Rahasia Peter Lynch Dalam Menentukan Waktu Jual-Beli Saham

Salah satu yang masih sering jadi dilema bagi para investor saham ada periode waktu jual-beli saham. Saat beli bingung kapan yang tepat, bahkan saat saham sudah cuan juga galau jual atau hold. Siapa yang begini?

Alasan Peter Lynch Jual Beli Saham

Mikirduit – Salah satu permasalahan terbesar seorang yang mencoba investasi atau trading saham adalah kapan waktu beli dan jual? Dari sini, kami akan membahas dari segi perspektif Peter Lynch. Kira-kira bagaimana strategi jual-beli investor global tersebut?

Highlight
  • Peter Lynch menilai waktu terbaik membeli saham adalah saat pasar sedang turun karena siklus musiman atau market crash, dengan catatan investor punya dana cadangan.
  • Informasi A1 atau rumor belum tentu bisa dijadikan dasar keputusan beli-jual saham karena seringkali tidak detail, tertunda, atau bahkan batal.
  • Strategi jual saham menurut Lynch berfokus pada alasan awal membeli saham, bukan mengikuti rumor, FOMO, atau prediksi makro yang sulit dipastikan.
  • Untuk diskusi saham secara lengkap, pilihan saham bulanan, dan insight komprehensif untuk member, kamu bisa join di Mikirsaham dengan klik link di sini

Selain mencari saham yang lagi murah dengan prospek fundamental serta pertumbuhan yang bagus, Peter Lynch mengungkapkan dalam membeli saham bisa mengikuti dua cara ini. Meski, kedua cara ini memang menyesuaikan dengan kondisi pasar atau market timing. 

Cara pertama memahami siklus saham. Peter Lynch menceritakan ada pola-pola tertentu di pasar saham AS yang bisa menjadi momentum bagus untuk membeli. Beberapa itu antara lain,

Pertama, periode ritual pencatatan pengurangan pajak di AS. Jadi, ada periode di Oktober-Desember itu menjadi momentum untuk mengurangi pajak penghasilan serta masuk liburan akhir tahun. Sehingga ada kecenderungan tingkat daya jual lebih tinggi daripada daya beli di pasar saham.
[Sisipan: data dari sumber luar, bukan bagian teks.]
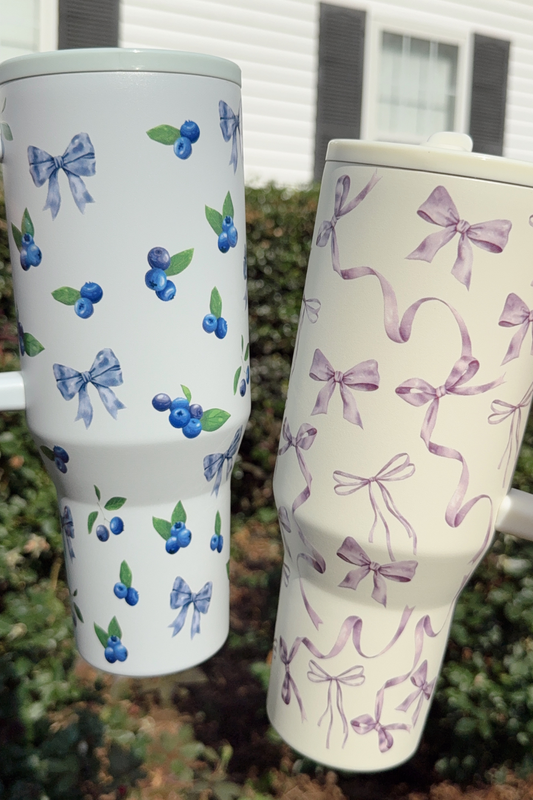 Berries & Bows Tumblers
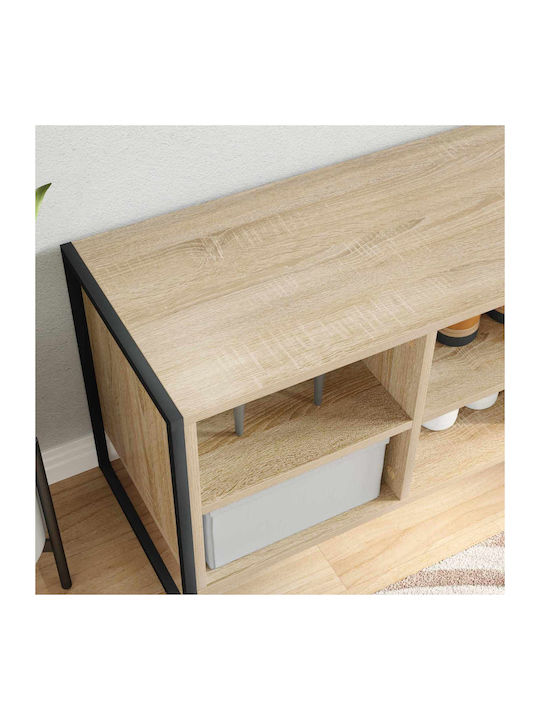 Дървен Обувна рафт 60x35x44см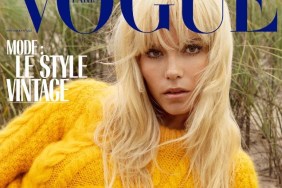 Vogue Paris November 2018 : Natasha Poly by Inez van Lamsweerde & Vinoodh Matadin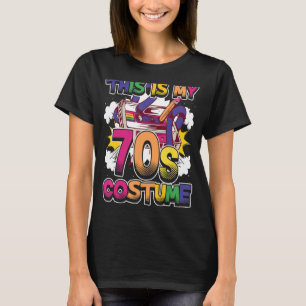 This is my 70s Costume 1970s Retro Vintage hippie T-Shirt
“Apalagi, misalnya ada broker yang menelpon kliennya (dalam gambaran transaksi saham zaman dulu) untuk melakukan penjualan saham agar bisa mengurangi pajak penghasilan. Investor yang dananya besar pasti tertarik dan melakukan transaksi tersebut seperti mendapatkan hadiah,” tulis Lynch dalam bukunya One Up on Wall Street. 

Di sisi lain, investor institusi juga ada kecenderungan melakukan penjualan saham terjeleknya agar portofolionya menjadi terlihat lebih menarik secara historis. Akhirnya, kombinasi penjualan karena ingin mengurangi pajak, kebutuhan liburan akhir tahun, hingga aksi investor institusi itu membuat kecenderungan pasar saham mengalami penurunan.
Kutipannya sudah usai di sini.